Talk about floating on clouds.

I closed connections, and only the prospect of seeing it all in the flesh could have made me wipe out the image with such alacrity. I stepped out of the booth.

And at that point, that precise point, that very split-instant of time, the first whiff of catastrophe nudged itself up to me.

That first whiff was the bald head of that lousy Rog Crinton of the Mars offices, gleaming over a headful of pale blue eyes, pale yellow complexion, and pale brown mustache. I didn’t bother getting on all fours and beating my forehead against the ground because my vacation had started the minute I had gotten off the ship.

So I said with only normal politeness, “What do you want and I’m in a hurry. I’ve got an appointment.”

He said, “You’ve got an appointment with me. I was waiting for you at the unloading desk.”

I said, “I didn’t see you—”

He said, “You didn’t see anything.”

He was right at that, for, come to think of it, if he was at the unloading desk, he must have been spinning ever since because I went past that desk like Halley’s Comet skimming the Solar Corona.

I said, “All right. What do you want?”

“I’ve got a little job for you.”

I laughed. “It’s my month off, friend.”

He said, “Red emergency alert, friend.”

Which meant, no vacation, just like that. I couldn’t believe it. I said, “Nuts, Rog. Have a heart. I got an emergency alert of my own.”

“Nothing like this.”

“Rog,” I yelled, “can’t you get someone else? Anyone else?”

“You’re the only Class A agent on Mars.”

“Send to Earth, then. They stack agents like micro-pile units at Headquarters.”

“This has got to be done before 11p.m. What’s the matter? You haven’t got three hours?”

I grabbed my head. The boy just didn’t know.

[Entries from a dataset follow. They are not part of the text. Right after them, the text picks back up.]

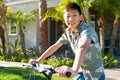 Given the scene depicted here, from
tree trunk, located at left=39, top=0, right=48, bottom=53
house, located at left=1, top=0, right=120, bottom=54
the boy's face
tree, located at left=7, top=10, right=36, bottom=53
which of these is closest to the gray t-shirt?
the boy's face

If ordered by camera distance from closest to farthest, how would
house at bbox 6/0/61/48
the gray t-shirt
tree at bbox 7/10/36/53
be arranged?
the gray t-shirt, tree at bbox 7/10/36/53, house at bbox 6/0/61/48

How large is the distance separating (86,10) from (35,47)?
6022 millimetres

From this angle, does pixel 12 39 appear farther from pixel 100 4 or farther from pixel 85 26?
pixel 85 26

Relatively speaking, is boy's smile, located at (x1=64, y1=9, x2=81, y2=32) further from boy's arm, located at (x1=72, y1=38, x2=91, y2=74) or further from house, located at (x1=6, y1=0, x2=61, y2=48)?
house, located at (x1=6, y1=0, x2=61, y2=48)

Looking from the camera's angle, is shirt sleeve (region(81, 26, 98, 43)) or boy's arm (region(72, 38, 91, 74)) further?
shirt sleeve (region(81, 26, 98, 43))

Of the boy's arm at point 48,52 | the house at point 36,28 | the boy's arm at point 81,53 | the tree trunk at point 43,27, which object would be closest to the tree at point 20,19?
the house at point 36,28

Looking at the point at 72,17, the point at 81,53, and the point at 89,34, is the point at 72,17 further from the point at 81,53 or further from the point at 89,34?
the point at 81,53

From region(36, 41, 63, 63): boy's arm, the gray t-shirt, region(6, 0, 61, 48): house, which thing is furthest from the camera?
region(6, 0, 61, 48): house

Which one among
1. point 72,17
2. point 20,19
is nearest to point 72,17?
point 72,17

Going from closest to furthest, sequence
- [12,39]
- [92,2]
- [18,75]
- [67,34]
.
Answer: [67,34], [18,75], [92,2], [12,39]

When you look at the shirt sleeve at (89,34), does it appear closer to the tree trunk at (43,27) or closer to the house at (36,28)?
the tree trunk at (43,27)

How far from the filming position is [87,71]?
11.4ft

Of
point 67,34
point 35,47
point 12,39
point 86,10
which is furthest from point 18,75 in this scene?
point 12,39

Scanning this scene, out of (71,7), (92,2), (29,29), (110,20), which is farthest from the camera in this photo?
(29,29) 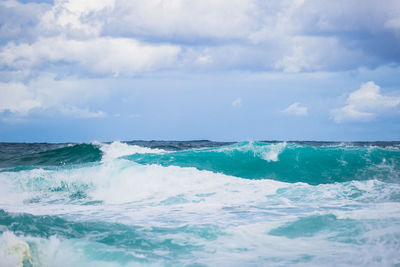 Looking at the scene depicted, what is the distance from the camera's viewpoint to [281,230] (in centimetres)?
698

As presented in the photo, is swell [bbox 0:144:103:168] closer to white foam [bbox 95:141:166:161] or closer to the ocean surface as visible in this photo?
white foam [bbox 95:141:166:161]

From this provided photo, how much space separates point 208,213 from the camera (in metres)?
8.59

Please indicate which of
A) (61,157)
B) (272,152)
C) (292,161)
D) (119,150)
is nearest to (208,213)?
(292,161)

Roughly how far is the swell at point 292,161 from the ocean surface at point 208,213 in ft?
0.23

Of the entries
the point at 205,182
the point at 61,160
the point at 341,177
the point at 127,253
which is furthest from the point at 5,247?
the point at 61,160

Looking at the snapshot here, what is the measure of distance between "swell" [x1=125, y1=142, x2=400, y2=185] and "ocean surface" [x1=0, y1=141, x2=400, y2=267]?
0.23 ft

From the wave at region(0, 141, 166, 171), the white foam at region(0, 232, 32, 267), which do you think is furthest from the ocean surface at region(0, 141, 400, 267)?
the wave at region(0, 141, 166, 171)

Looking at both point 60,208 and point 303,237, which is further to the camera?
point 60,208

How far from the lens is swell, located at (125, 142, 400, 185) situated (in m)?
15.8

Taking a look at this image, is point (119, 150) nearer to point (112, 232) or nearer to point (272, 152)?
point (272, 152)

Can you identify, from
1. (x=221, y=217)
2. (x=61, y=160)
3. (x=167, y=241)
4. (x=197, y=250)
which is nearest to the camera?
(x=197, y=250)

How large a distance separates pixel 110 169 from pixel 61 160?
28.1 feet

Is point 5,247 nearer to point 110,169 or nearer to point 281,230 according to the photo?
point 281,230

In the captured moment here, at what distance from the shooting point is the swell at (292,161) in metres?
15.8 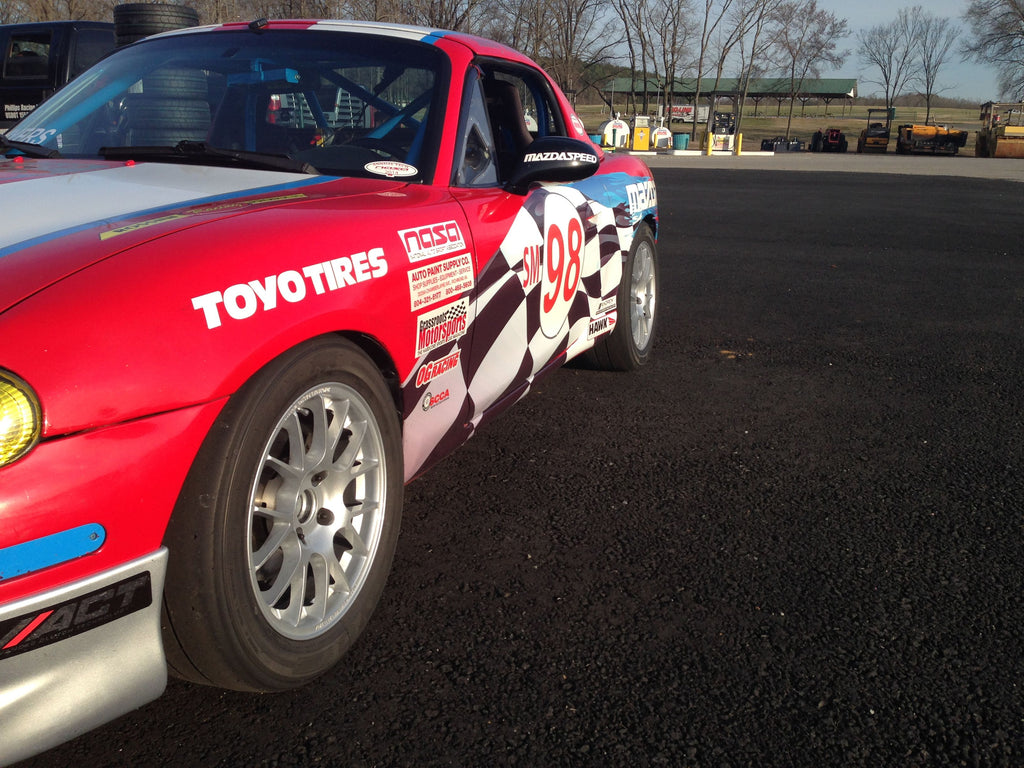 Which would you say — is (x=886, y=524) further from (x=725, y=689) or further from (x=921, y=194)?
(x=921, y=194)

I said, “Let me make a call, will you?”

I stepped back into the booth, glared at him, and said, “Private!”

Flora shone on the screen again, like a mirage on an asteroid. She said, “Something wrong, Max? Don’t say something’s wrong. I canceled my other engagement.”

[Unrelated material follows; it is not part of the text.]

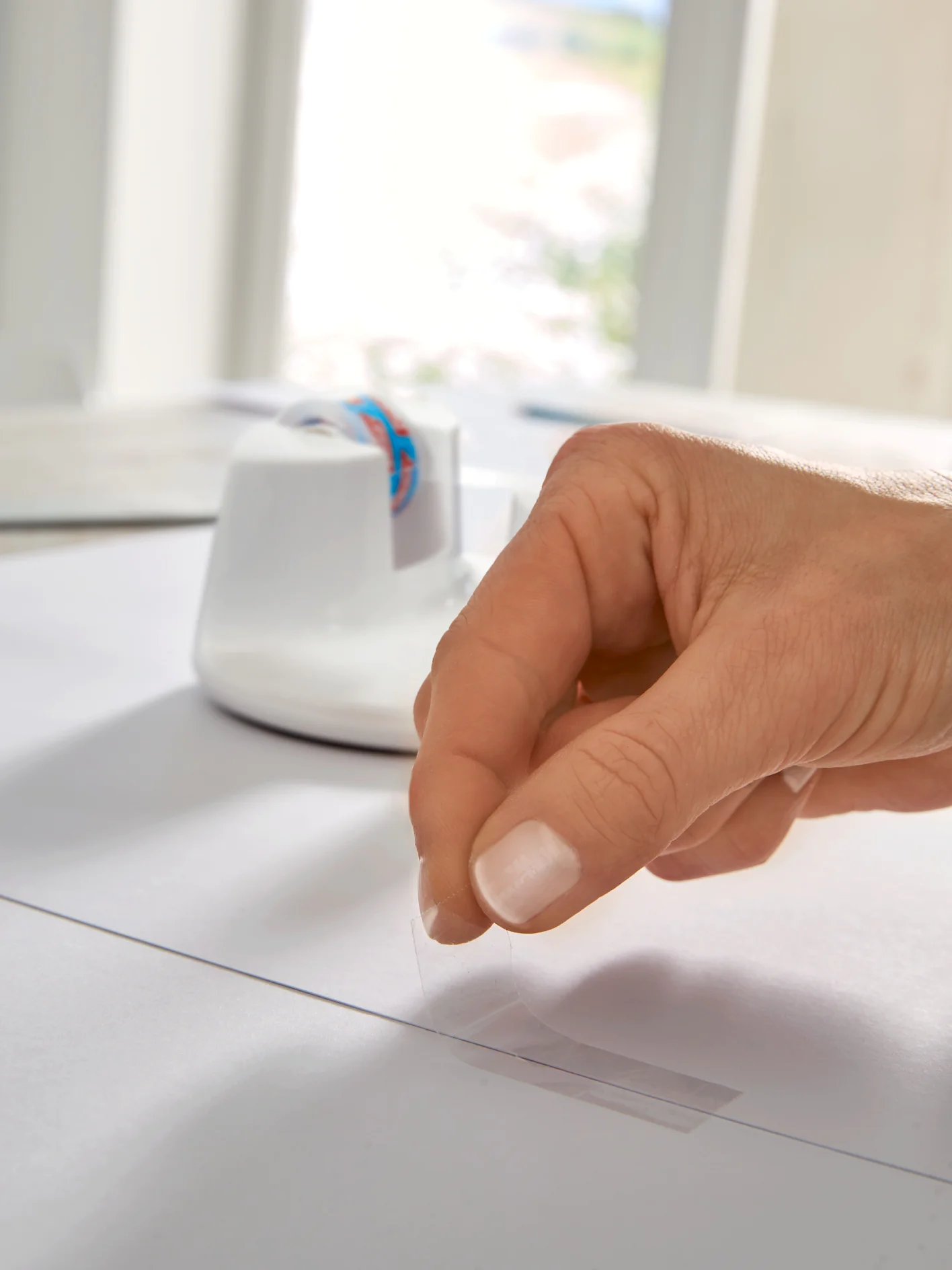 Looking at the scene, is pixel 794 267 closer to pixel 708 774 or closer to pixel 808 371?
pixel 808 371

I said, “Flora, baby, I’ll be there. I’ll be there. But something’s come up.”

She asked the natural question in a hurt tone of voice and I said, “No. Not another girl. With you in the same town they don’t make any other girls. Females, maybe. Not girls. Baby! Honey!” (I had a wild impulse but hugging ’vision screen is no pastime for a grown man.) “It’s business. Just hold on. It won’t take long.”

She said, “All right,” but she said it kind of like it was just enough not all right so that I got the shivers.

I stepped out of the booth and said, “All right, Rog, what kind of mess have you cooked up for me?”

We went into the spaceport bar and got us an insulated booth. He said, “The Antares Giant is coming in from Sirius in exactly half an hour; at 8p.m. local time.”

“Okay.”

“Three men will get out, among others, and will wait for the Space Eater coming in from Earth at 11p.m. and leaving for Capella some time thereafter. The three men will get on the Space Eater and will then be out of our jurisdiction.”

“So.”

“So between 8:00 and 11:00, they will be in a special waiting room and you will be with them. I have a trimensional image of each for you so you’ll know which they are and which is which. You have between 8:00 and 11:00 to decide which one of the three is carrying contraband.”

“What kind of contraband?”

“The worst kind. Altered Spaceoline.”

“Altered Spaceoline?”

He had thrown me. I knew what Spaceoline was. If you’ve been on a space-hop you know, too. And in case you’re Earth-bound yourself the bare fact is that everyone needs it on the first space-trip; almost everybody needs it for the first dozen trips; lots need it every trip. Without it, there is vertigo associated with free fall, screaming terrors, semi-permanent psychoses. With it, there is nothing; no one minds a thing. And it isn’t habit-forming; it has no adverse side-effects. Spaceoline is ideal, essential, unsubstitutable. When in doubt, take Spaceoline.

Rog said, “That’s right, altered Spaceoline. It can be changed chemically by a very simple reaction that can be conducted in anyone’s basement into a drug that will give one giant-size charge and become your baby-blue habit the first time. It is on a par with the most dangerous alkaloids we know.”

“And we just found out about it?”

“No. The Service has known about it for years, and we’ve kept others from knowing by squashing every discovery flat. Only now the discovery has gone too far.”